You know those weeks where everything seems to go right? The ones where you sit and appreciate the sun when it is shining, when you love others well, when everything you have on your list is going swimmingly, and you seem to be on top of things? I love those weeks… but this has not been one of those weeks for me. I like to think I am a joyful person, but this week I have found myself tired, not sporting the best attitude all the time, and getting frustrated easily.
And I ask myself, “Why? What’s different about this week?” I haven’t been feeling very well, physically, so that could be part of it. I haven’t been sleeping well either, but these answers don’t quite seem to be enough for me. It feels like there must be more to it than that. And then, out of nowhere, it hits me right in the face, as obvious as ever… What’s going on this week is a lack of intentional time in God’s word. BINGO! There it is!
In Psalm 119:105, God’s word tells us, “Thy word is a lamp unto my feet, and a light unto my path.” I have heard this verse repeatedly, ever since I was a child, but this week it was brought to new light (forgive the pun). I have often found a direct correlation between my attitude and actions in life with my time in God’s word, but this week, as I realized my heart was off, God more directly helped me to understand why that was.

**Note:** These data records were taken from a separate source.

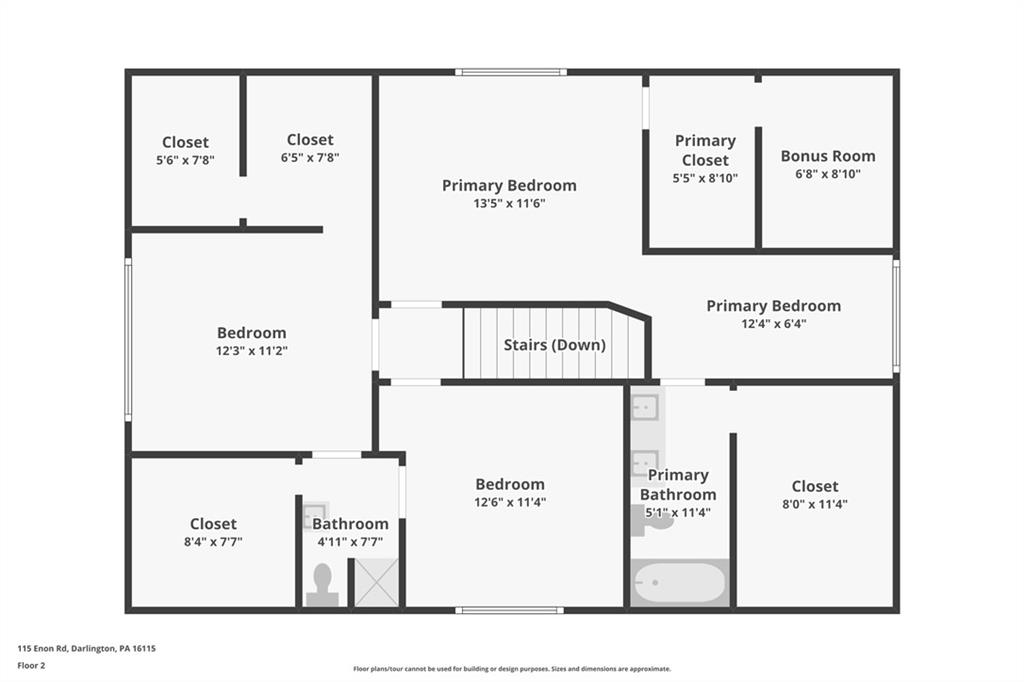 115 Enon Road Darlington, PA 16115 - Photo 46 of 50 a picture of a wall with a white wall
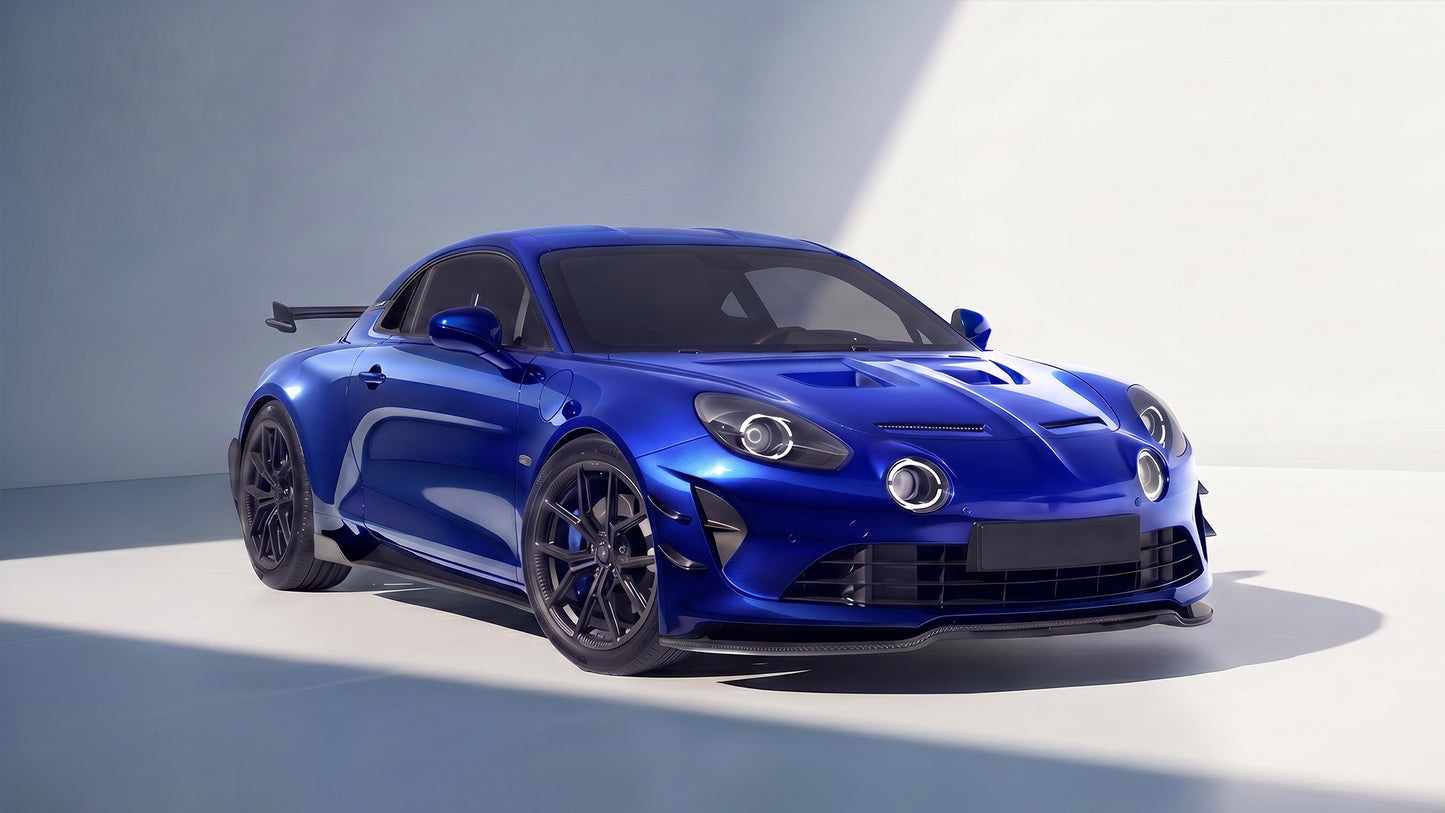 Avery Dennison® PrismaPro™ Dry-Apply Color Paint Protection Film Gloss Dark Blue (PrismaPro-681-O)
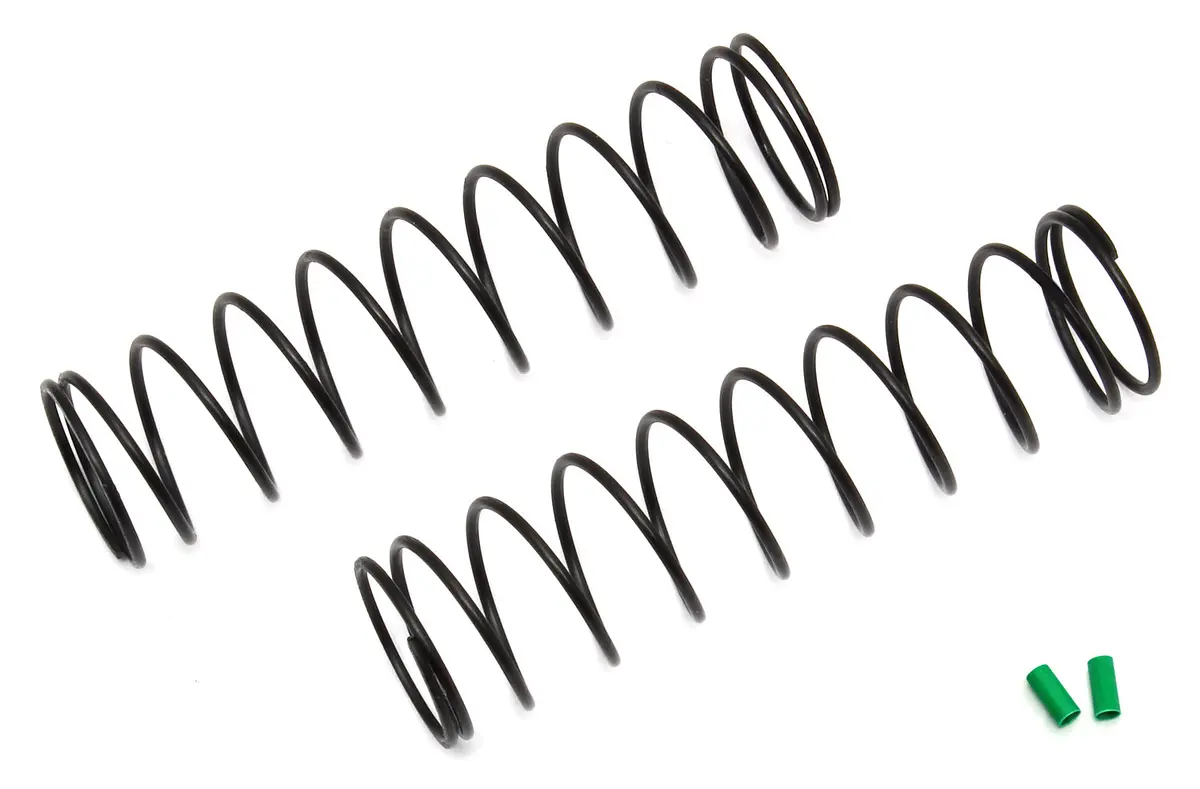 Team Associated 12 Mm Shock Springs, 72Mm, Green, 2.20 Lb/In (Ass91639) 1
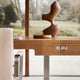 Carl Hansen CH110 Desk and CH111 Office Chair — lifestyle, detail
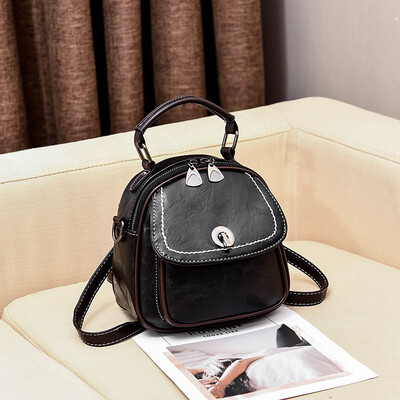 Womens Autumn&Winter Chaohuan Port Wind Retro Fashion Hundred Shoulder Backpack One Shoulder Slant Bag
Womens Autumn&Winter Chaohuan Port Wind Retro Fashion Hundred Shoulder Backpack One Shoulder Slant Bag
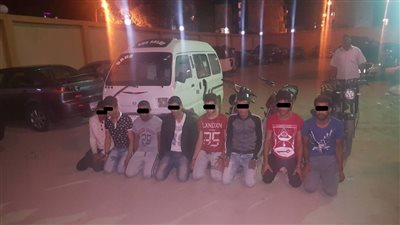 القبض على عصابة سرقة الدراجات النارية بالإسماعيلية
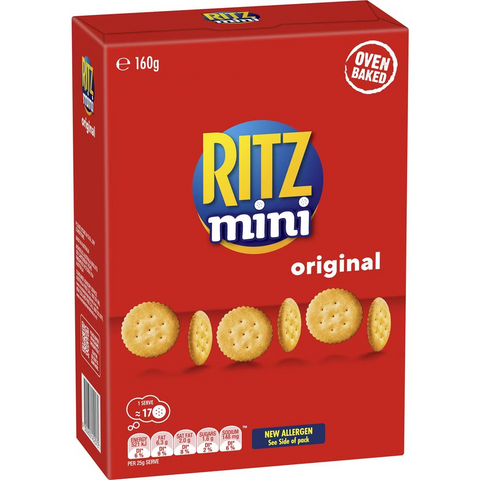 Ritz Mini Crackers Original Flavour 160g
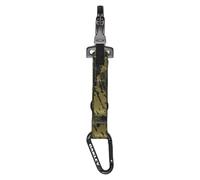 Oakley Mens Wanderlust Keychain, Tiger Camo Green, One Size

I have come to learn that when I am in the word regularly, it lights my path, guides my direction, and leads me to firm footing and green pasture. I am less easily swayed from the path of righteousness, joy, and life when I am immersed in time in God’s living and active word. His words to me are a buffet for my soul, bringing me goodness and satisfaction that is contagious, pushing against the broken parts of me. However, when I am not in the word, I find that I am less easily able to pick up on the times when my feet start to step off the path of honoring God in all I do. I find it’s easier for me to develop a bad attitude, to become negative, or to sound and look more like the world. Without the light of God’s word, it becomes a bit easier for me to walk more like someone in the darkness.
God reminded me of my extraordinary need for the light of His word this week. And just like someone who has been on a sugar-free diet feels when they encounter chocolate, I find myself hungering for the word even now, as I type these words. I wonder if you needed a reminder to sit at the feet of Jesus and bask in the light of His honey-sweet word today? It’s not a complicated notion, the word lighting our path, but I find it’s one whose profound impact on our souls is easy to forget. Are you in need of a heart or attitude check today? Get in the word, it will light up your path, and guide your feet to a place where your heart and soul can be refreshed in, and guided toward, Him.